▸ **Exercise brief**: Make an exact copy, from the records below, of the lines from the line containing "El conjunto catalán" to the line containing "wymiana baterii w pilocie Apple TV", both lines included, excluding pictures.

▸ **Extracted data**:
★ ★ ★
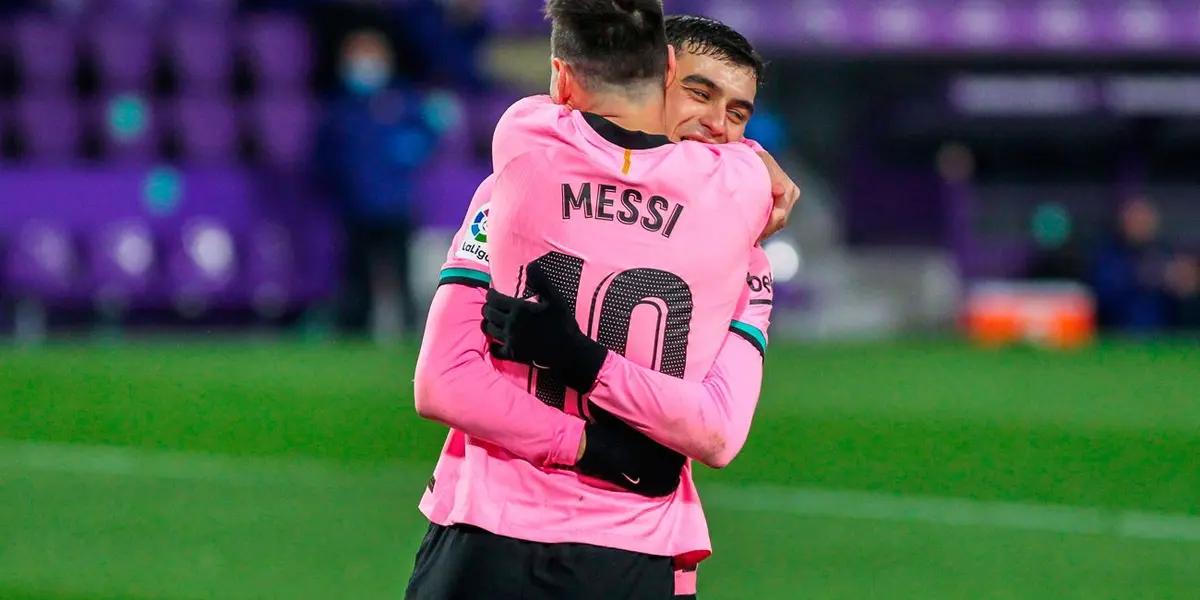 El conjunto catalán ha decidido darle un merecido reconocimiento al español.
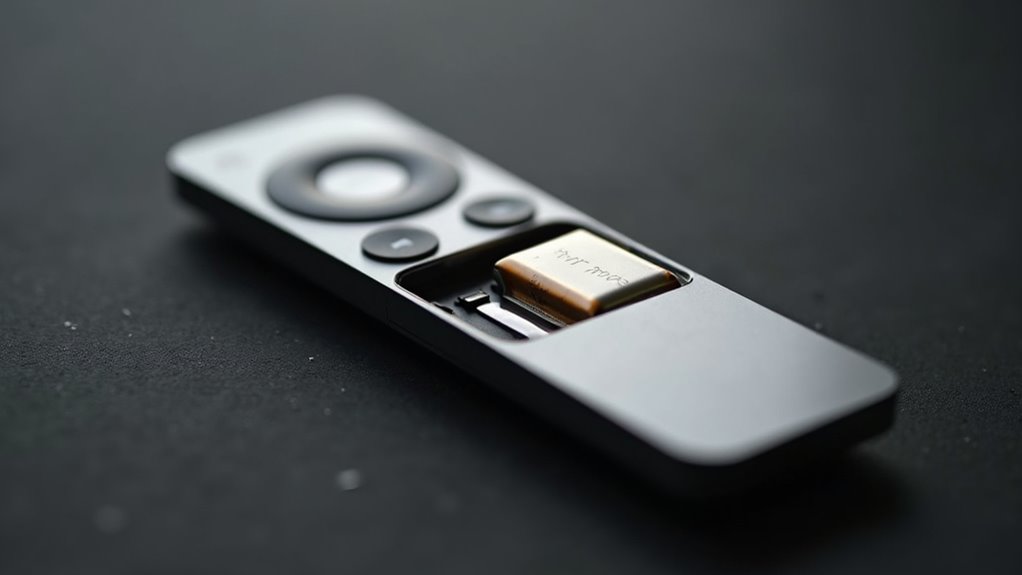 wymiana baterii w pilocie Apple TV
★ ★ ★
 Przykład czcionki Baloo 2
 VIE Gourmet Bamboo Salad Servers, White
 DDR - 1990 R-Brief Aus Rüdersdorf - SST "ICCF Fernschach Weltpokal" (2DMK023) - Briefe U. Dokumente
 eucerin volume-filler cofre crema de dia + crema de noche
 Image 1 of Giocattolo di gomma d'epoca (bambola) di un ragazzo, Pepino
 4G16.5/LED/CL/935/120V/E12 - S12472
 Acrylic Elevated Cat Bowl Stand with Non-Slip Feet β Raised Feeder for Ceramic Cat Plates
★ ★ ★
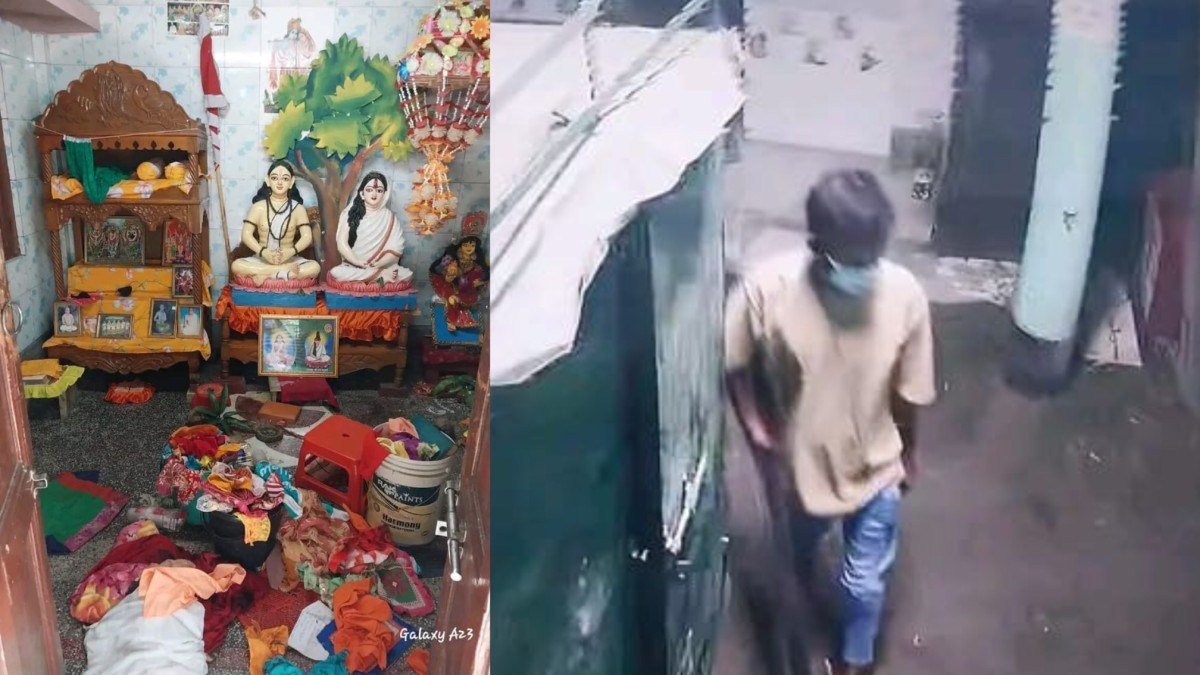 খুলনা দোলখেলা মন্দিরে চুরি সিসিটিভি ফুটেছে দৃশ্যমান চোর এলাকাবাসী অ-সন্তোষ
★ ★ ★
▸ **Reply to the task**:
 El conjunto catalán ha decidido darle un merecido reconocimiento al español.
 wymiana baterii w pilocie Apple TV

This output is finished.